Letters to the Editor

Influence of Thyroid Hormone Autoantibodies on 7 Thyroid Hormone Assays

Soha A. Zouwail1,a, Angela M. O’Toole2, Penelope M. S. Clark2 and Joe P. Begley1,3

1 Department of Clinical Biochemistry, Poole and Royal Bournemouth Hospitals, Dorset, UK
2 Regional Endocrine Laboratory, University Hospital Birmingham, NHS Foundation Trust, Birmingham, UK
3 Centre of Postgraduate Medical Research and Education, Bournemouth University, Dorset, UK

aAddress correspondence to this author at: Poole Hospital, Longfleet Road, Poole, Dorset, UK, BH15 2JB, Fax +44-1202-448454, e-mail soha.zouwail{at}poole.nhs.uk


To the Editor:

Spurious results of thyroid function tests (TFT) can be recognized when they do not reflect the clinical status of the patient or are not internally consistent [e.g., increased FT4 with nonsuppressed thyroid-stimulating hormone (TSH)]. Potential causes of spurious TFT results include nonspecific binding of endogenous circulating factors, such as heterophilic antibodies, with assay reagents(1), the presence of albumin variants found in familial dysalbuminemic hyperthyroxinaemia(2), and thyroid hormone autoantibodies (THAA)(3). We describe a patient who had discordant TFTs due to circulating THAA and report differences in TFT results obtained on a variety of automated immunoassay platforms.

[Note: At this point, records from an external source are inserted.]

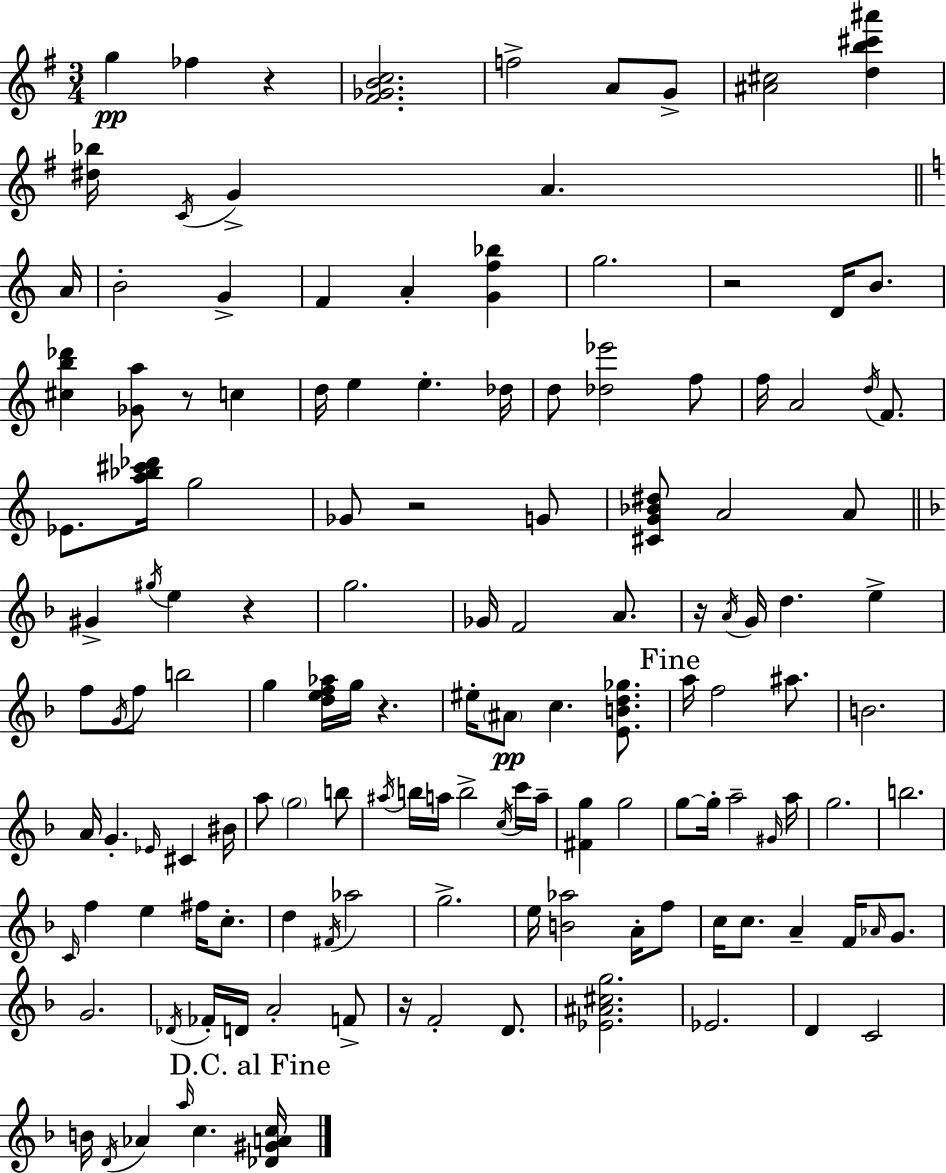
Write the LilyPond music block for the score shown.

{
  \clef treble
  \numericTimeSignature
  \time 3/4
  \key g \major
  g''4\pp fes''4 r4 | <fis' ges' b' c''>2. | f''2-> a'8 g'8-> | <ais' cis''>2 <d'' b'' cis''' ais'''>4 | \break <dis'' bes''>16 \acciaccatura { c'16 } g'4-> a'4. | \bar "||" \break \key c \major a'16 b'2-. g'4-> | f'4 a'4-. <g' f'' bes''>4 | g''2. | r2 d'16 b'8. | \break <cis'' b'' des'''>4 <ges' a''>8 r8 c''4 | d''16 e''4 e''4.-. | des''16 d''8 <des'' ees'''>2 f''8 | f''16 a'2 \acciaccatura { d''16 } f'8. | \break ees'8. <a'' bes'' cis''' des'''>16 g''2 | ges'8 r2 | g'8 <cis' g' bes' dis''>8 a'2 | a'8 \bar "||" \break \key d \minor gis'4-> \acciaccatura { gis''16 } e''4 r4 | g''2. | ges'16 f'2 a'8. | r16 \acciaccatura { a'16 } g'16 d''4. e''4-> | \break f''8 \acciaccatura { g'16 } f''8 b''2 | g''4 <d'' e'' f'' aes''>16 g''16 r4. | eis''16-. \parenthesize ais'8\pp c''4. | <e' b' d'' ges''>8. \mark "Fine" a''16 f''2 | \break ais''8. b'2. | a'16 g'4.-. \grace { ees'16 } cis'4 | bis'16 a''8 \parenthesize g''2 | b''8 \acciaccatura { ais''16 } b''16 a''16 b''2-> | \break \acciaccatura { c''16 } c'''16 a''16-- <fis' g''>4 g''2 | g''8~~ g''16-. a''2-- | \grace { gis'16 } a''16 g''2. | b''2. | \break \grace { c'16 } f''4 | e''4 fis''16 c''8.-. d''4 | \acciaccatura { fis'16 } aes''2 g''2.-> | e''16 <b' aes''>2 | \break a'16-. f''8 c''16 c''8. | a'4-- f'16 \grace { aes'16 } g'8. g'2. | \acciaccatura { des'16 } fes'16-. | d'16 a'2-. f'8-> r16 | \break f'2-. d'8. <ees' ais' cis'' g''>2. | ees'2. | d'4 | c'2 b'16 | \break \acciaccatura { d'16 } aes'4 \grace { a''16 } c''4. | \mark "D.C. al Fine" <des' gis' a' c''>16 \bar "|."
}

A 19-year-old man presented with tiredness spanning a 12-month period following a prolonged viral illness. A family history of hypothyroidism prompted a request for TFTs. These showed increased FT4 of 60 pmol/L (reference interval 10–25 pmol/L) and FT3 of 8.1 pmol/L (reference interval 2.5–6.5 pmol/L), but an nonsuppressed TSH of 0.9 mU/L (reference interval 0.3–5.5 mU/L). The tests were performed on an Immulite 2500 (Siemens Medical Solutions Diagnostics). The patient was clinically euthyroid. Use of residual samples was in accordance with the Human Tissue Act of 2004 and the guidelines of the Royal College of Pathologists. The terms of the Declaration of Helsinki were also fully observed. Test results for heterophilic antibodies using heterophile blocking tubes (Scantibodies) were found to be negative. A screening test for familial dysalbuminemic hyperthyroxinaemia(4) was also negative. Incubation of the patient’s serum with radiolabeled T4 tracer in the presence of 8-anilino-1-naphthalene sulfonic acid, followed by precipitation with polyethylene glycol(5), indicated the presence of T4 autoantibodies as the cause of the erroneously high FT4 result. A similar screen for T3 autoantibodies(5), using a similar method but with radiolabeled T3, was negative for this patient.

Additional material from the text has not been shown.